The arrogance in his voice rubbed raw. It was the oxygen needed to fuel her burning anger. What she wanted was to tell him to go jump into a pigs’ wallow, but she’d keep her mouth shut until she was out of this mess.

She looked away, avoiding his gaze. Just behind him was the guard who had steadfastly ignored her. He held the best-looking ring of keys Fiona had ever seen.

With a rattle and heavy click, the guard unlocked the cell door. The squeal of non-lubricated metal on metal was as welcome as it was jarring. She brushed past Edward as she escaped and didn’t turn around as the door clanged shut behind her, or as the men in the cell started to shout, or as Edward’s steps sounded behind her. She held her head high and walked as quickly as she could down that corridor, and to her freedom.

Chapter 4

Fiona stared out the window of the Wildeforde carriage. Grey cobblestones, grey buildings, grey sky. The people they passed were almost as colorless—clothes worn, faded until they almost blended into a muddy sea.

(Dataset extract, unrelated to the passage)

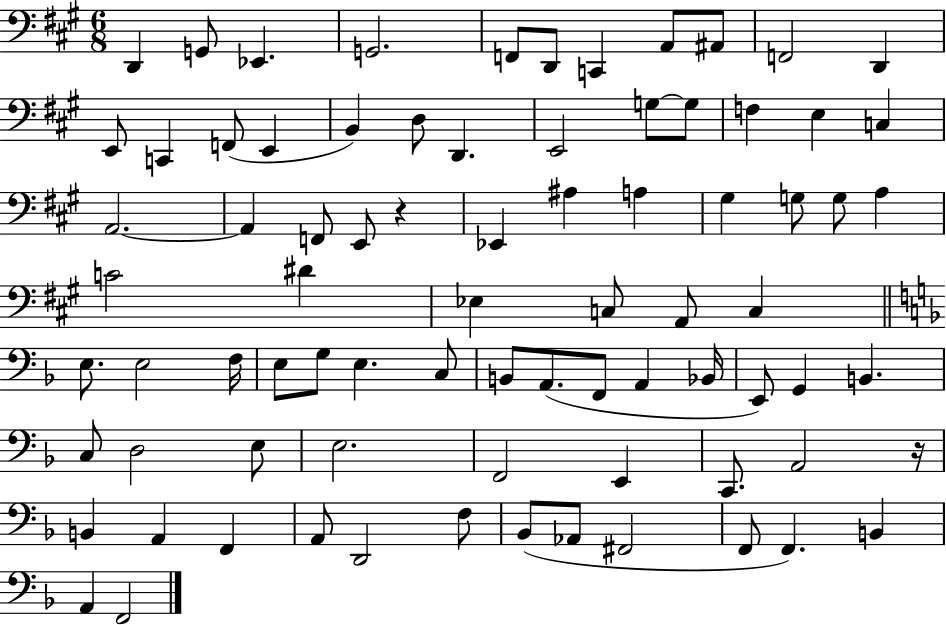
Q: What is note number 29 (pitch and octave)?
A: Eb2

Every face turned as the ornate carriage with its gold-leaf crest passed—each face gaunt, expressionless. It was a look she was only too familiar with. She swallowed the lump that formed in her throat.

You haven’t been starving in years.

Across from her, Edward—a man who’d never wanted for anything—stared at her, his expression grim. He was waiting for her to speak. It was a power game. The great Duke of Wildeforde flexing his might.

“What?” she snapped. The disguise she’d donned that morning to attend the rally itched. The wig, the breast bindings, the bootshe’d stuffed with newspaper to give her extra height—it was all irritating. “What are you looking at?”

“Why are you in London?” He crossed his ankle over his knee, folding his hands on his thigh in a paternalistic manner, as if she were an errant child who needed scolding. But the aloof posture belied the anger in his voice.